◆ **DATA**:

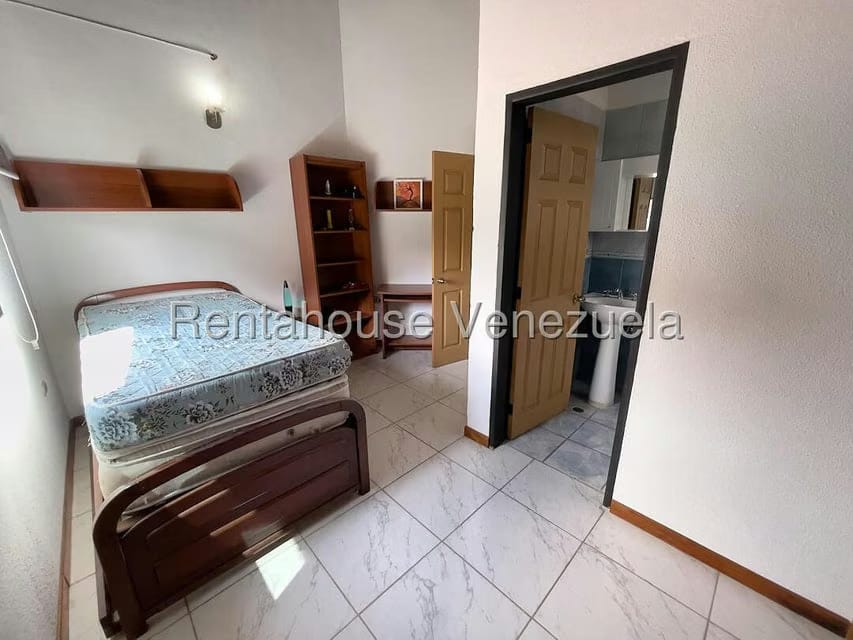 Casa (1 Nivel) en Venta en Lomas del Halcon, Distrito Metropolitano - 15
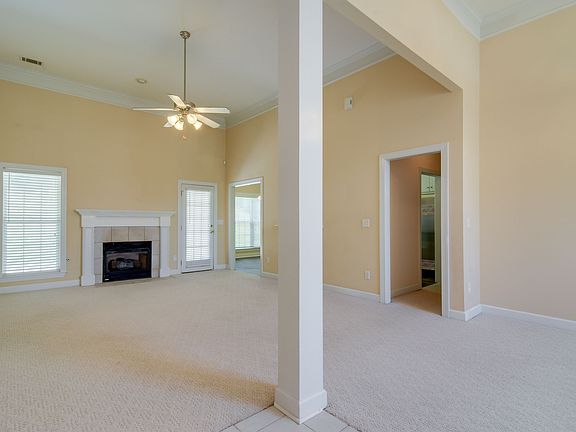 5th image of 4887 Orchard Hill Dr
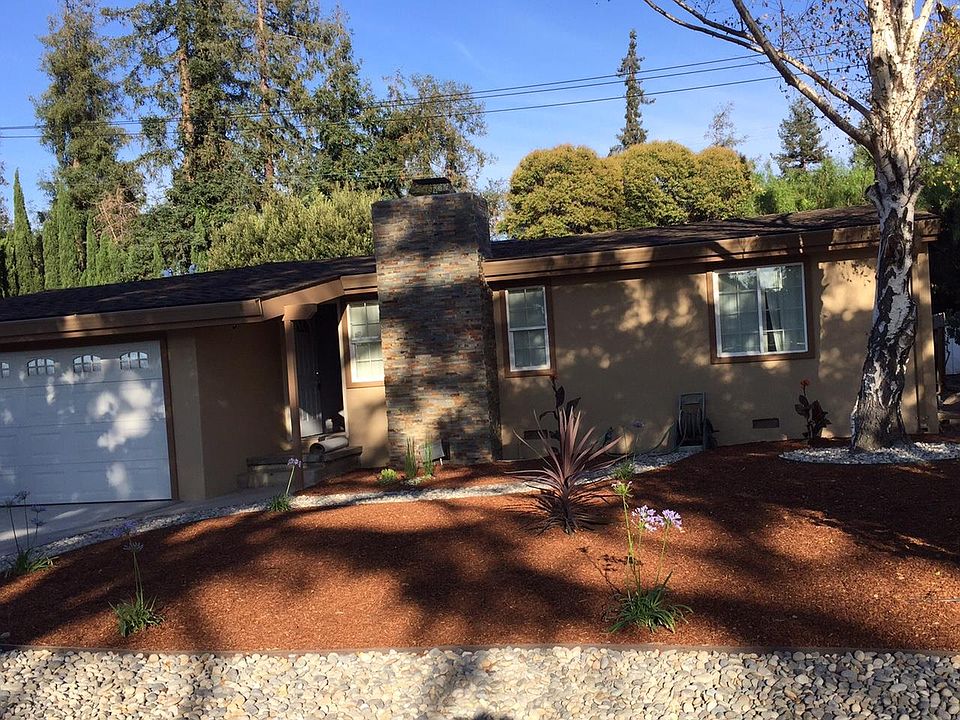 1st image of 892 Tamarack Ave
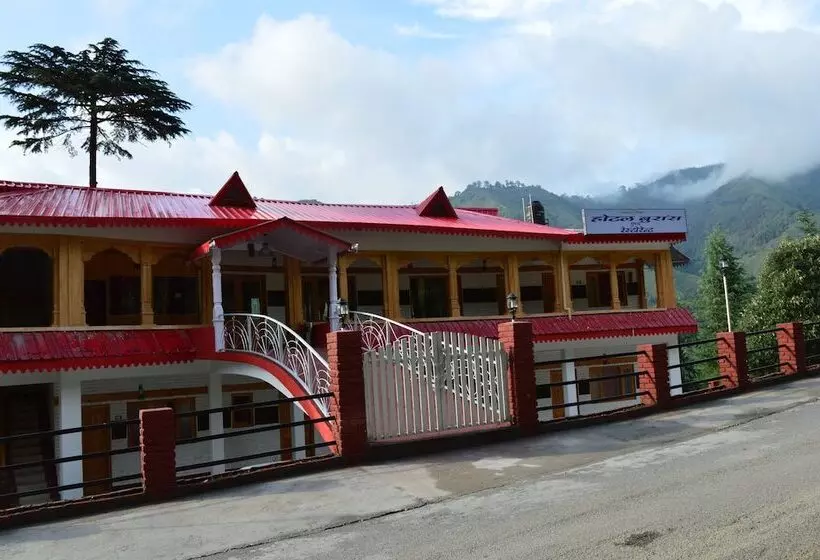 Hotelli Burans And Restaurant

◆ **YOUR ASSIGNMENT**: In the data above, find the line containing "1st image of 892 Tamarack Ave"; from there, please write out each line through the end, exactly, with the pictures omitted.

◆ **RESULT OF THIS TASK**:
 1st image of 892 Tamarack Ave
 Hotelli Burans And Restaurant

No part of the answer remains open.